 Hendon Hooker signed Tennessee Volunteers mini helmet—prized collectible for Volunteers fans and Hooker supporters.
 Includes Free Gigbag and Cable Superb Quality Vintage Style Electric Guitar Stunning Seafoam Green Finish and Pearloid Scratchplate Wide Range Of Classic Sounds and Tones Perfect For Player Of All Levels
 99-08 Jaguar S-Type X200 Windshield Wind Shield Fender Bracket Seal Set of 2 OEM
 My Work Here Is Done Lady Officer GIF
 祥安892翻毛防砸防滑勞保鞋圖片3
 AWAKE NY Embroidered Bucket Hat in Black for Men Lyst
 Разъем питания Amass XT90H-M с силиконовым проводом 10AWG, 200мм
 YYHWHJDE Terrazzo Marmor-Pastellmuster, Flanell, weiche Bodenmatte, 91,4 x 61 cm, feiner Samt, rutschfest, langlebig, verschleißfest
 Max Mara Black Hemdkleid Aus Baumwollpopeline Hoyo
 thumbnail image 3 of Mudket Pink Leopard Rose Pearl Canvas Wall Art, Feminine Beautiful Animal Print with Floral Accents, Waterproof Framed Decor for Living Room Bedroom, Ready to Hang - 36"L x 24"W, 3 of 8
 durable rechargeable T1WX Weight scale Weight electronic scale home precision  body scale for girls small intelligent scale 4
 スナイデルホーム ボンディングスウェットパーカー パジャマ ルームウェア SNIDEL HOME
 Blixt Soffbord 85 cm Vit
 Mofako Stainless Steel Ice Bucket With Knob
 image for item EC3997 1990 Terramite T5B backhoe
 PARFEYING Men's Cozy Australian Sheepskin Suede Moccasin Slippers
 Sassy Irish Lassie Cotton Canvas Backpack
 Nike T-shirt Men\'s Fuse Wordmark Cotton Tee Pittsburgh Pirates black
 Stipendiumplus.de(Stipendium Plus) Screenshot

----------

• Problem details
Copy, without any change, the run of lines from the one with "PARFEYING Men's Cozy" through the end of the entries above.

• Expected answer
 PARFEYING Men's Cozy Australian Sheepskin Suede Moccasin Slippers
 Sassy Irish Lassie Cotton Canvas Backpack
 Nike T-shirt Men\'s Fuse Wordmark Cotton Tee Pittsburgh Pirates black
 Stipendiumplus.de(Stipendium Plus) Screenshot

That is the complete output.